Your goal:
Starting at the line with "FB | Endodontische", copy each line through the last one below exactly as written, without any pictures.
↓↓↓
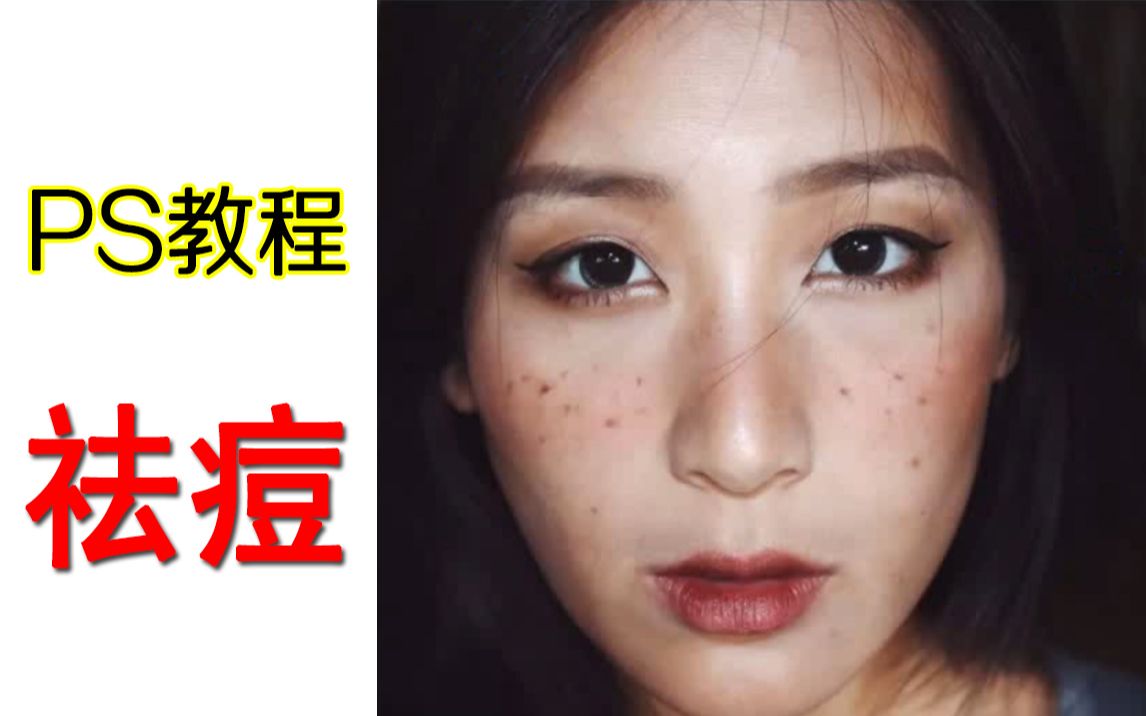 活动作品ps教程ps如何祛痘你不会我教你啊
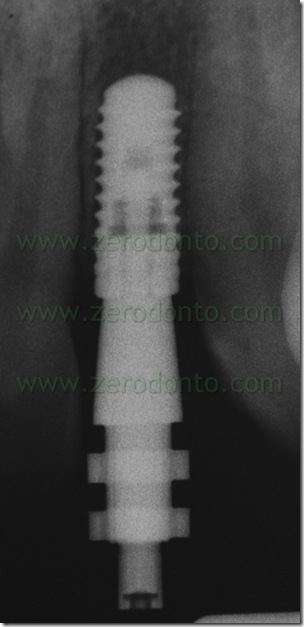 analogo impronta straumann bone level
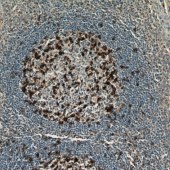 Solarbio K009917P Anti-PD-1/CD279 Polyclonal Antibody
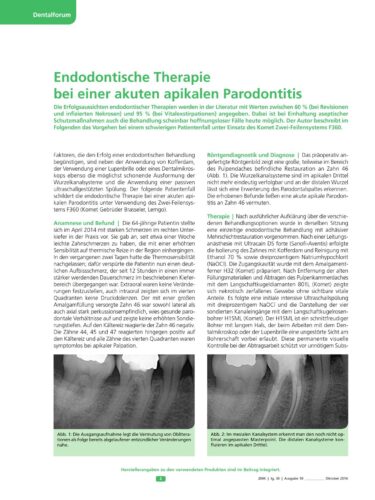 FB | Endodontische Therapie bei einer akuten apikalen Parodontitis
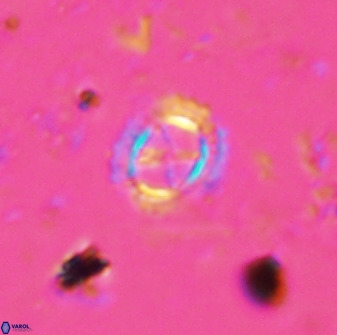 Rotelapillus tesserisbares 35855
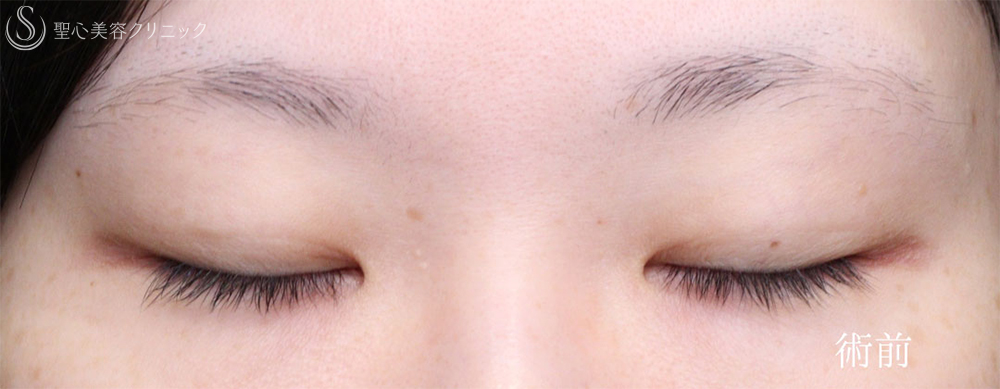 【30代女性・目力を改善】眼瞼下垂手術＋目頭切開（4ヶ月後） Before 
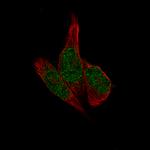 METTL14 Antibody in Immunocytochemistry (ICC/IF)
↑↑↑
Result:
 FB | Endodontische Therapie bei einer akuten apikalen Parodontitis
 Rotelapillus tesserisbares 35855
 【30代女性・目力を改善】眼瞼下垂手術＋目頭切開（4ヶ月後） Before 
 METTL14 Antibody in Immunocytochemistry (ICC/IF)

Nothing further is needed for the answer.